- The problem
Below are entries; copy exactly the lines from the one with "Micropelete Feedermania, Ananas, 4mm, 800g" through the one with "Departamento en Renta", both included, and leave out the rest.

------ Supplied records ------

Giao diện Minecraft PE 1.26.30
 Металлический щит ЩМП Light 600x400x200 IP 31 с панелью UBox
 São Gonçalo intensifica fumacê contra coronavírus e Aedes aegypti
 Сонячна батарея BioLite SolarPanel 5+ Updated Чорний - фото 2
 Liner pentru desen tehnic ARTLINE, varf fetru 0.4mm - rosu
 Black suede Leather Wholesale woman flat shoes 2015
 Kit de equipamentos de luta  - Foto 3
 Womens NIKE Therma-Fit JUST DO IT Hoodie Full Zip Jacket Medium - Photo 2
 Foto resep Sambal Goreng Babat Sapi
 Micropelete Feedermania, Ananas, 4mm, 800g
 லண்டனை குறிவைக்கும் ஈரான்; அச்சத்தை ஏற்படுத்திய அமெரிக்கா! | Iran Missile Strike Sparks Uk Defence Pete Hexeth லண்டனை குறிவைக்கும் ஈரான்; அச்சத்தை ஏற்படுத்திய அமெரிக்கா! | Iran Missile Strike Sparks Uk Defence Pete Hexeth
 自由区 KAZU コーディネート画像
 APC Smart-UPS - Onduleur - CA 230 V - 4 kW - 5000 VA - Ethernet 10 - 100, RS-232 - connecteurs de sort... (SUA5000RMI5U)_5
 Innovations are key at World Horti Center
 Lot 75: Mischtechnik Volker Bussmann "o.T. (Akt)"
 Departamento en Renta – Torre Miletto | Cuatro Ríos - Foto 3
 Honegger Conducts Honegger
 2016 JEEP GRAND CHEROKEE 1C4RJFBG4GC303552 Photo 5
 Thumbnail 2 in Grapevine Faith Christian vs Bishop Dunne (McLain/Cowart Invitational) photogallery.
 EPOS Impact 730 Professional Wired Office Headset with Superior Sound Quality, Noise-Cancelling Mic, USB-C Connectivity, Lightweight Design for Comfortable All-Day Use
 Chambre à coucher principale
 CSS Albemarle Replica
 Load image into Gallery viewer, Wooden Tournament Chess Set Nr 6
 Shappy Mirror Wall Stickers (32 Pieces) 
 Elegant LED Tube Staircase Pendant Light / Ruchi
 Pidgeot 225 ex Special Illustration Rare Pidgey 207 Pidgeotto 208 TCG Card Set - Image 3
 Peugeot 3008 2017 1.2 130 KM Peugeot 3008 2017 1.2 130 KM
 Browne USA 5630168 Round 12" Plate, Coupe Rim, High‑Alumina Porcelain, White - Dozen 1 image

------

- Written answer
 Micropelete Feedermania, Ananas, 4mm, 800g
 லண்டனை குறிவைக்கும் ஈரான்; அச்சத்தை ஏற்படுத்திய அமெரிக்கா! | Iran Missile Strike Sparks Uk Defence Pete Hexeth லண்டனை குறிவைக்கும் ஈரான்; அச்சத்தை ஏற்படுத்திய அமெரிக்கா! | Iran Missile Strike Sparks Uk Defence Pete Hexeth
 自由区 KAZU コーディネート画像
 APC Smart-UPS - Onduleur - CA 230 V - 4 kW - 5000 VA - Ethernet 10 - 100, RS-232 - connecteurs de sort... (SUA5000RMI5U)_5
 Innovations are key at World Horti Center
 Lot 75: Mischtechnik Volker Bussmann "o.T. (Akt)"
 Departamento en Renta – Torre Miletto | Cuatro Ríos - Foto 3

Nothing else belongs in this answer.